ASSIGNMENT:
Copy out each entry precisely; no image belongs in the result.

== PROVIDED RECORDS

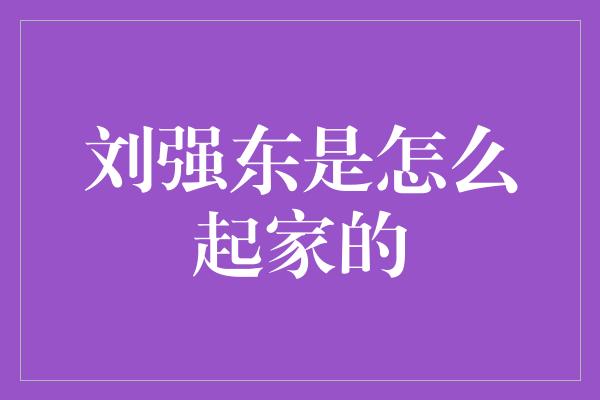 刘强东是怎么起家的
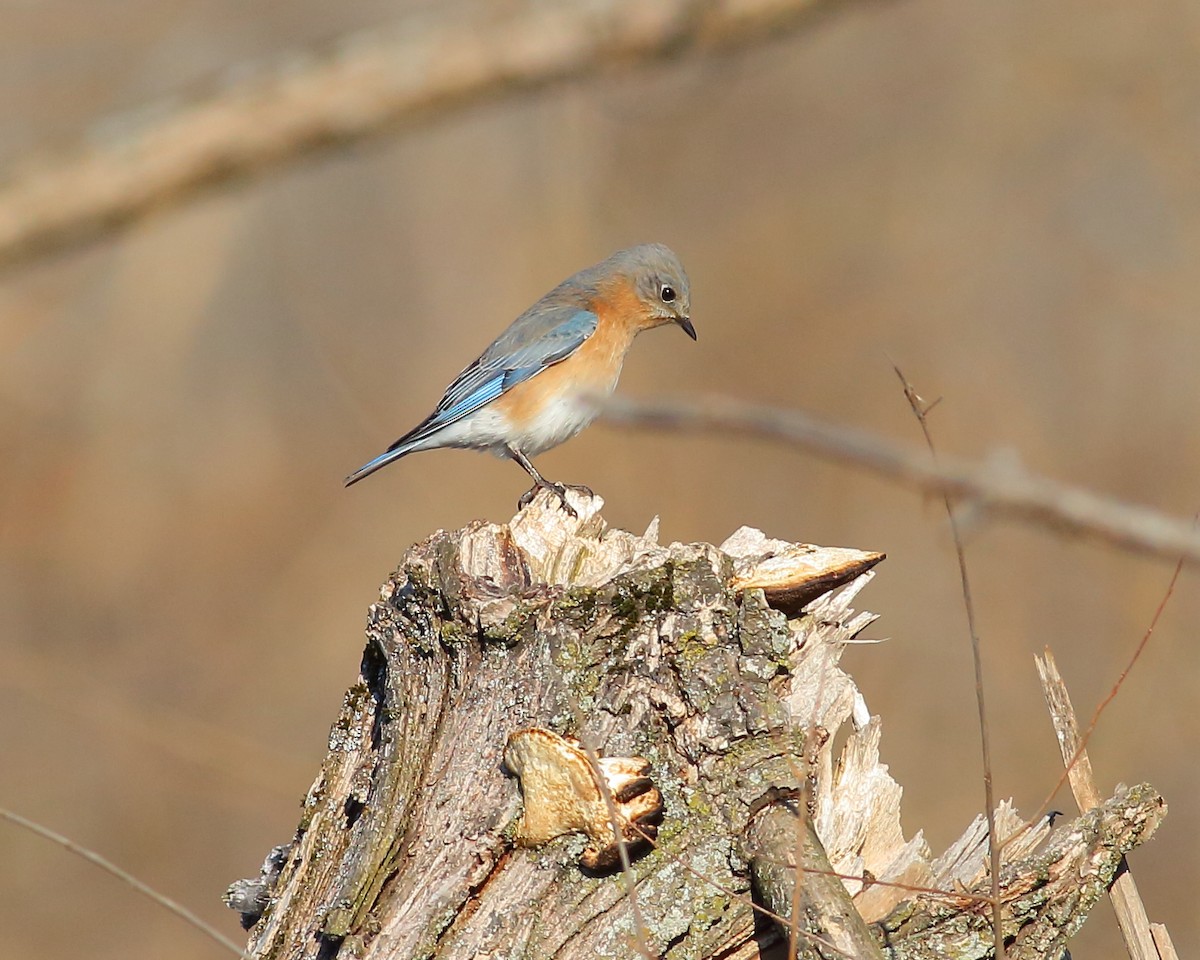 Eastern Bluebird - ML146130401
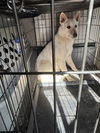 adoptable Dog in  named Bianca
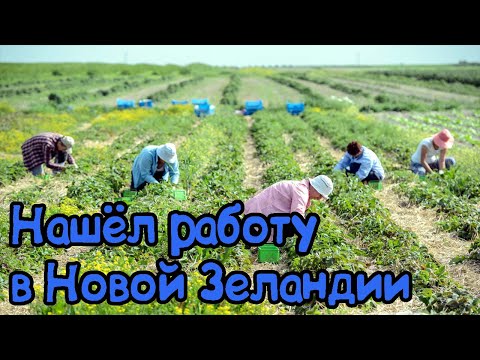 Видео: Как уехать заграницу. Нашёл работу в Новой Зеландии. Работа на Ферме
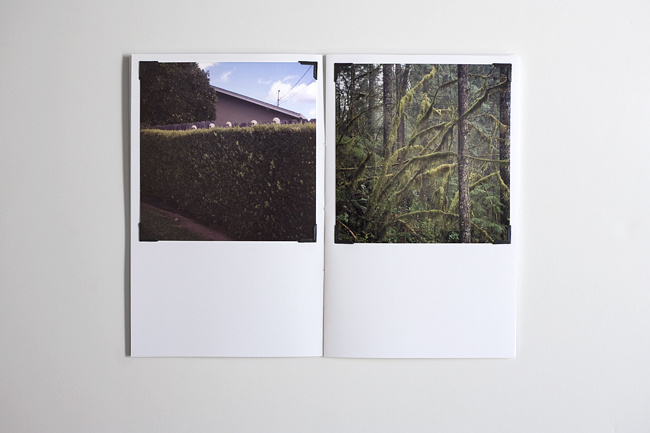 I FEEL BETTER ~ BIT BY ZEUS ~ Tim Gatto #zine #publication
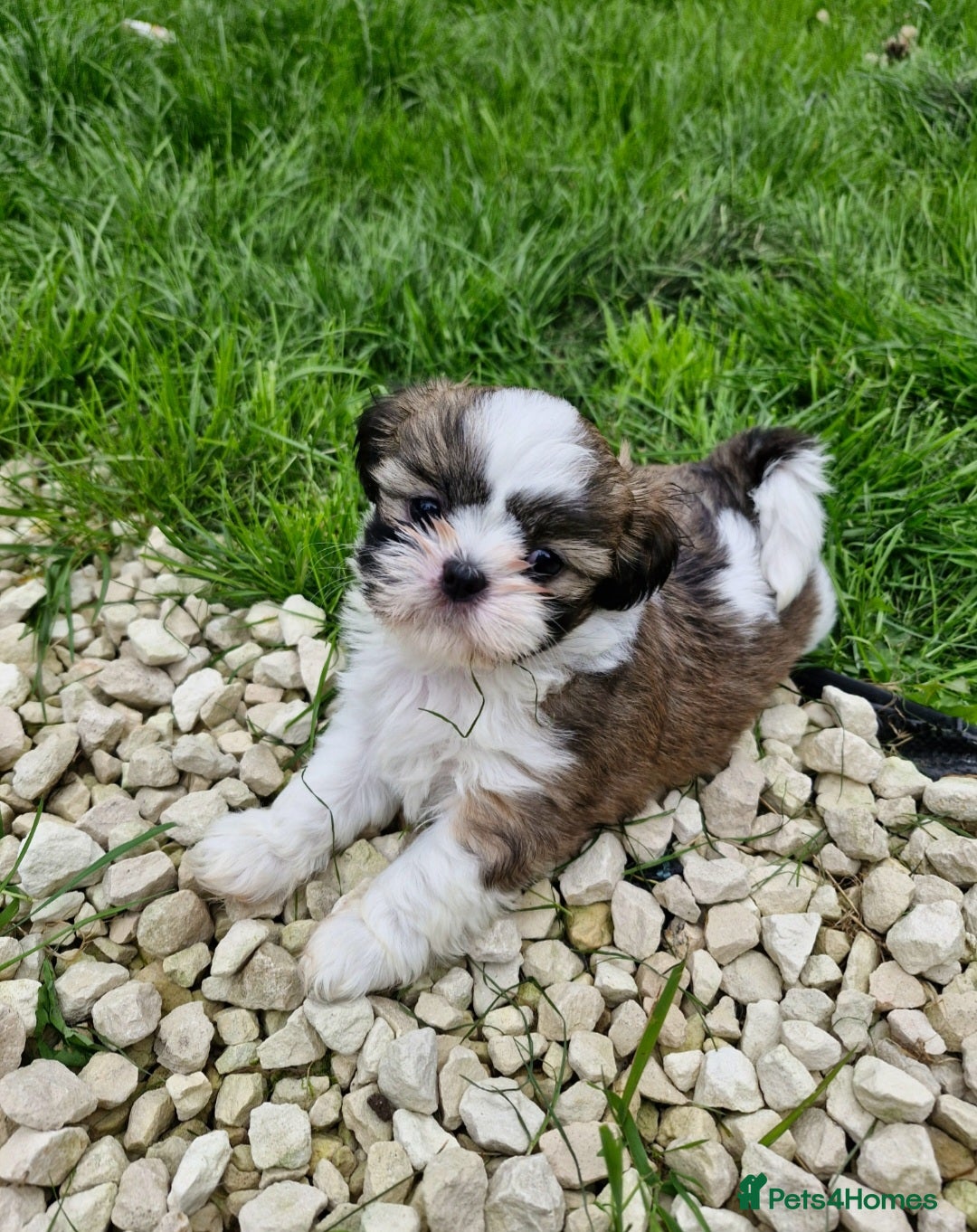 Shih Tzu dogs for sale: 6 Adorable FULL BREED Shih Tzu boy puppies.  - Image 1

====

EXERCISE RESPONSE:
 刘强东是怎么起家的
 Eastern Bluebird - ML146130401
 adoptable Dog in  named Bianca
 Видео: Как уехать заграницу. Нашёл работу в Новой Зеландии. Работа на Ферме
 I FEEL BETTER ~ BIT BY ZEUS ~ Tim Gatto #zine #publication
 Shih Tzu dogs for sale: 6 Adorable FULL BREED Shih Tzu boy puppies.  - Image 1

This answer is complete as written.